Ed in FT, part 16 Nov 2025 10:52
Now more than ever, leaders across the world face a choice: multilateralism or go it alone. Nowhere is the answer more stark than on the climate crisis, the ultimate collective action problem.
As we gather for COP30 in Brazil, consider an unfashionable thought: for all its frustrations, the COP climate summit is one of the best examples of successful multilateralism the world has ever known.
At the Rio Earth Summit in 1992, countries came together on behalf of their citizens to make a historic affirmation — that the climate crisis was such a serious, urgent problem that a new global mechanism for annual action was necessary to tackle it.
This started an unprecedented experiment in accountability. In three decades of COPs, we have gone from a world heading to 4C or more of global warming to one of around 2.3-2.5C. From a world where zero emissions was inconceivable to one where 80 per cent of global GDP is covered by net zero targets. From a world where countries invested in fossil fuels as the future to one where investment in clean power is double that of fossil fuels — more was invested in solar last year than all other sources put together.

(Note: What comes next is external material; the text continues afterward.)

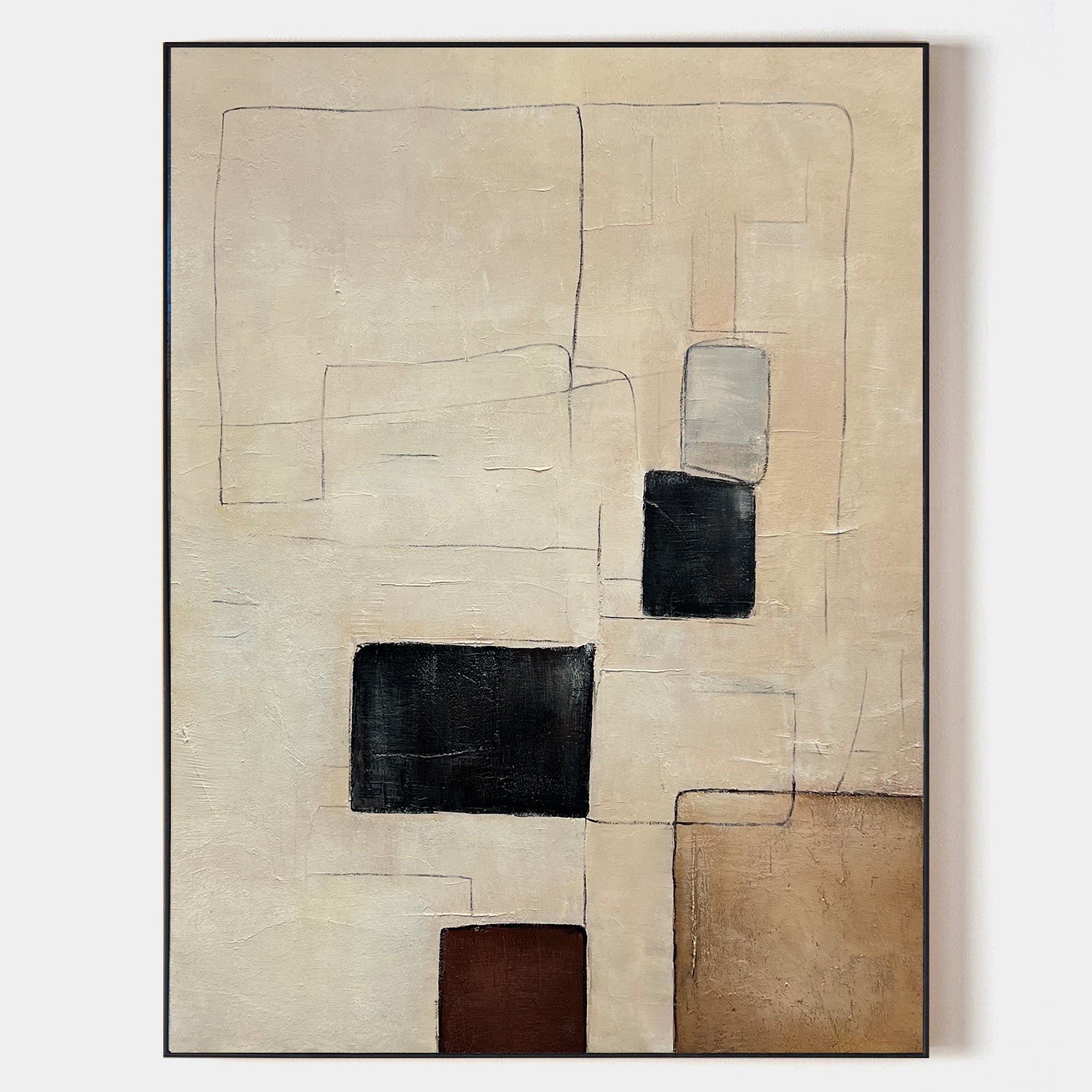 Modern Black And Beige Abstract Canvas Wall Art Earth Tone Minimalist Art Minimalist Painting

Of course, the COP process is deeply messy, and has many flaws: 197 countries negotiating how they transition from fossil fuels to clean energy is bound to be painful. I was at the Copenhagen climate summit of 2009, which ended in acrimony in part because of mistrust between developing and developed countries, which persists to this day.
And yet, COP has acted as a global forcing mechanism — pushing countries to act, despite compelling constraints, in their own and the global interest. Would we have achieved such progress without this multilateral process? It’s doubtful.
Today, some voices at home want to write off the cause of climate action and undermine global co-operation to tackle it. That would be deeply irresponsible. We see the effects of the climate crisis all around us. The UK has been hit by four heatwaves this year; we’ve seen the devastating scenes of Hurricane Melissa in the Caribbean over the last week. If we abandoned global co-operation, we would be resigning ourselves to climate breakdown and all the instability and insecurity that comes with it.
But the case for action goes well beyond avoiding disaster — it is about better lives today. For the UK and so many others, clean energy is the route to energy security and to ending reliance on expensive fossil fuels in markets controlled by petrostates and dictators. A virtuous circle shows us the way: deployment of clean energy, such as wind and solar, plummeting costs and greater deployment. For the majority of the world, new renewables are cheaper than new fossil fuels.
For Britain, our exposure to fossil fuels led to the worst cost of living crisis in generations after Russia invaded Ukraine. We are price-takers not price-makers, with wholesale gas costs still 75 per cent higher than before Russia’s invasion of Ukraine.